If you are on page 2, you may as well not exist.

Without a web presence, you may as well not exist in 2021.

And without a blog, you may as well not have a web presence.

Common Misconceptions About Blogging for Local Businesses

Myth #1: Blogging doesn’t target local customers

When I Google “best restaurants”, I don’t see a bunch of restaurants from all around the world.

Google knows better.

Google shows me restaurants that are in Chicago, preferably right near my apartment.

This holds true for nearly any search you want to try.

You can improve your odds of showing up in local searches by blogging about things of specific interest to those in your area of service.

In other words, local SEO is all about local content.

I searched for plumbing tips a few weeks ago, and I found Apex Plumbing, a Chicago plumbing company with a blog full of tips specific to Chicago homes.

Social media makes it even easier to enhance your local traffic.

Your customers are the most likely people to re-post your articles.

Guess where most of their Facebook friends live?

Myth #2: It takes time and writing expertise to start a blog

First, let me say that anyone can write a blog post.

But terrible grammar can get in the way of a good message.

Writing a compelling article is a skill that you hone over time, and most business owners don’t have the time to refine that particular skill.

But you don’t have to blog to have a blog.

Wow, that was an awkward sentence, let me try again.

You can get someone else to write or edit your blog for you.

You can be as hands-on or hands-off with the process as you want to be.

On the one end of the spectrum, maybe you want to write out the entire post and just publish it yourself.

If you don’t trust your own grammar, maybe you get a copyeditor to take one final look before you publish.

Or maybe you just want to work with a writer that can take a topic of your choosing and create the article themselves.

No matter how much writing expertise or time you have, there is a way to make your blog a reality.

Myth #3: Blogging is dead

Every year, someone makes the prediction:

Blogging has died.

And yet, here you are, reading a blog post.

Blogging is only becoming more popular.

There are now 600 million active blogs worldwide.

82 of the Fortune 500 companies have active blogs.

80% of internet users interact with blogs.

Does that sound dead to you?

2020 pushed even more of the world online, setting 2021 to be the biggest year yet for blogging.

If blogging is dead, then so be it.

Because what is dead may never die.

What Should Your Local Business Blog About

The quality of a blog is all about one thing: user experience.

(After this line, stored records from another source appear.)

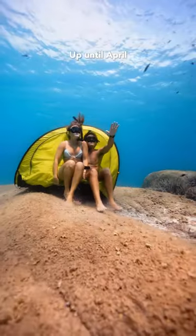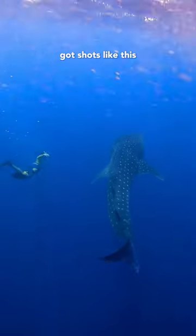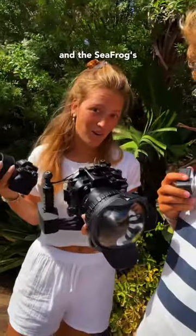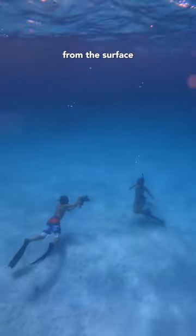What camera do you use to film underwater? Up until April we were using a normal GoPro 9 and we got shots like this and this. Then we upgraded and moved to a Sony A7S3 with a wide angle and the Sea Frogs underwater housing. Yes, it's heavy. This is what you can see from the surface when we film.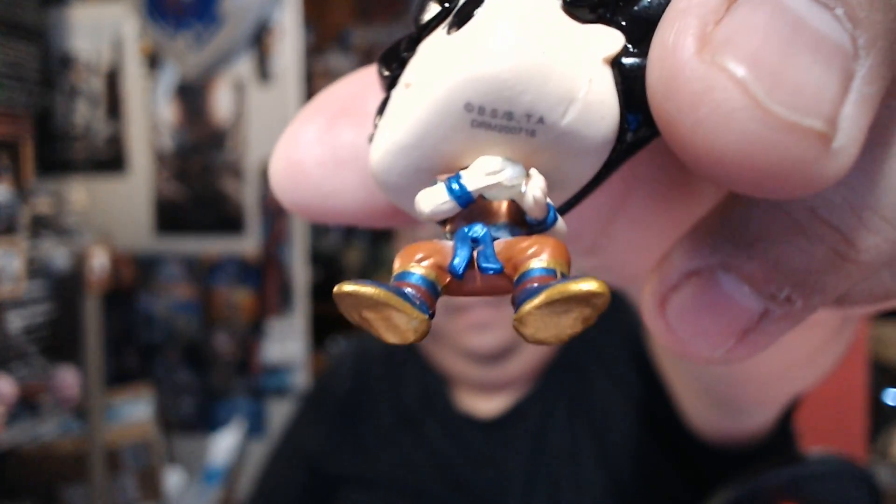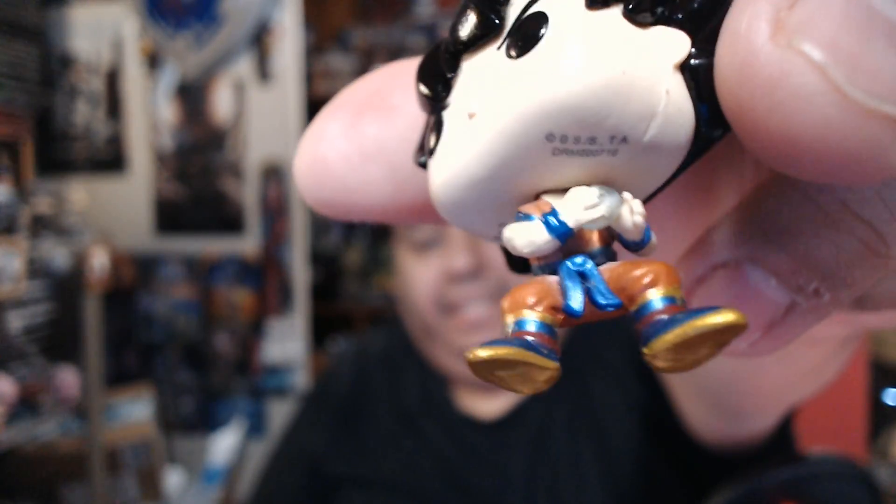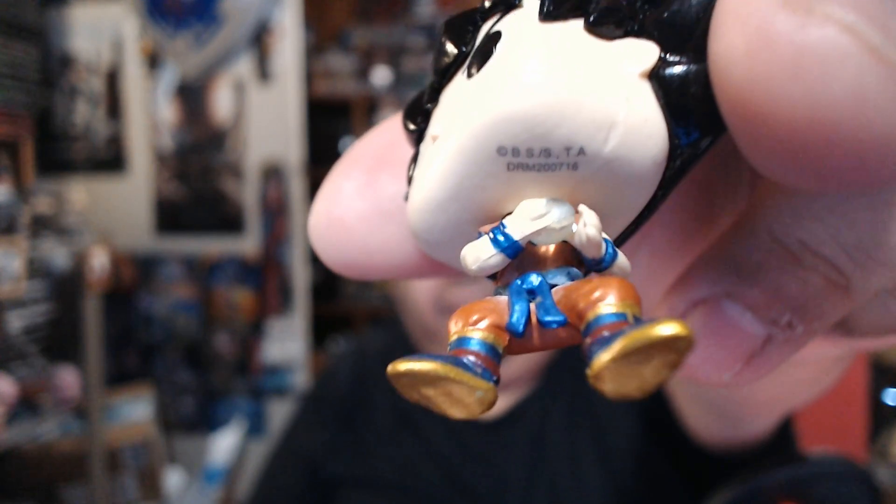But now we have Goku. The paint job looks pretty good. His hand is a little wonky — it looks like there was a little issue. I don't know if you can see too well on his hand here. You can see on his fingers when it's connecting to his blast.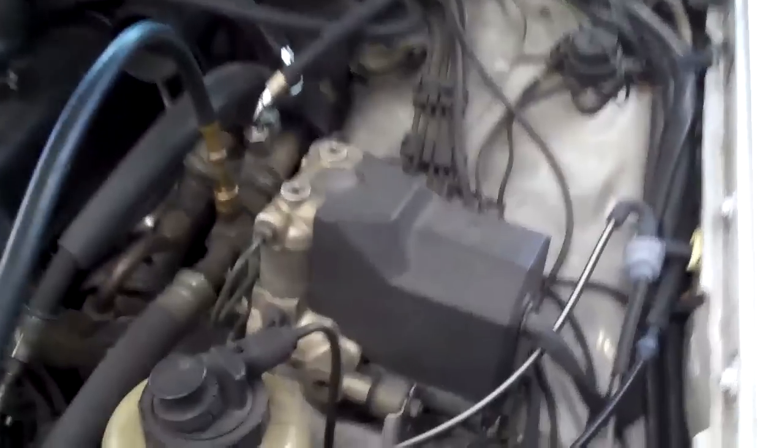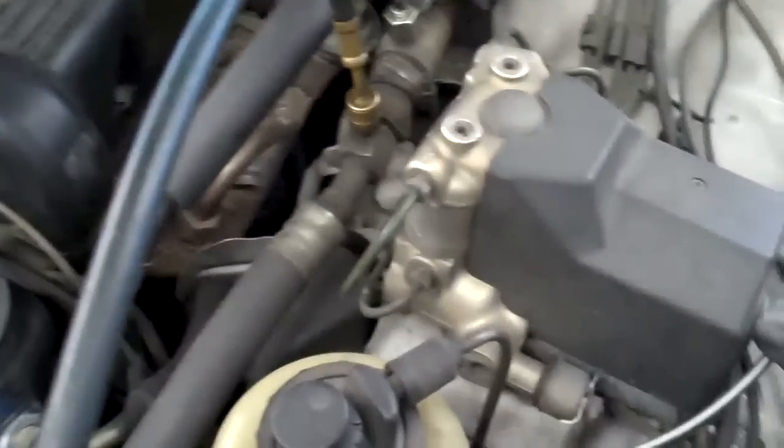We looked around for AC leaks, and the only AC leak we were able to find is over here at the dryer. There's something called an AC receiver dryer, which is the filter for the car — it's the filter that actually filters the Freon inside the car.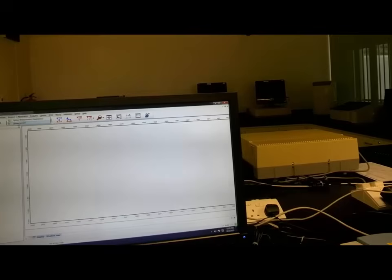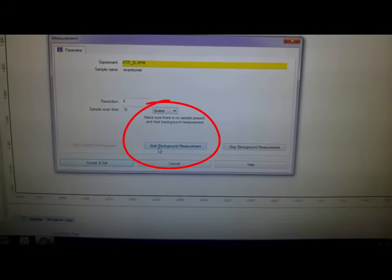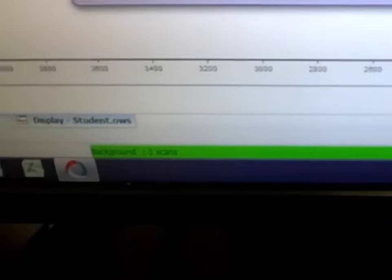So now we click on the measurement, and you see that — in the middle of this icon — start background scan. The resolution should be about 4. Scan time 16. These are the default adjustments, so you do not have to change the parameters.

And I’m not talking about some generic consumer.

You need to be focused on the specific needs of your target audience.

If you don’t already have a customer persona, now is the time to make one.

It is with that persona in mind that you are going to start creating content.

Think about what the most relevant content for that reader would be.

What are they searching for?

What do they need?

What problems are they trying to solve?

That’s what you should be blogging about.

If you produce relevant content for your target reader, you’ll be doing just fine.

Create some content to raise awareness, some to establish authority and expertise, and a few pieces that are made to convert.

In some cases, you may be able to guide users through your entire marketing funnel using only your blog.

In other cases, it may only work for one or two sections of the funnel.

Remember that this is only one part of your larger marketing endeavor.

Be sure that your blog strategy meshes well with email marketing, social media, or whatever other digital and non-digital marketing strategies you are using.

Final Thoughts

The world is becoming more and more digital.

Your marketing mix needs to move in that same direction.

Social is great, as is email, but organic rankings on Google are important too.

You can start a business with a great landing page, but you’ll need more content to really get noticed.

Whether you need to build awareness, establish your expertise, or convert your customers, a blog is likely the best tool you can add to your toolkit

One of the most amazing things about blog content is that it lives forever on your website.

As long as the content remains relevant, it will continue to pull in readers.

How many of your other marketing channels can do that?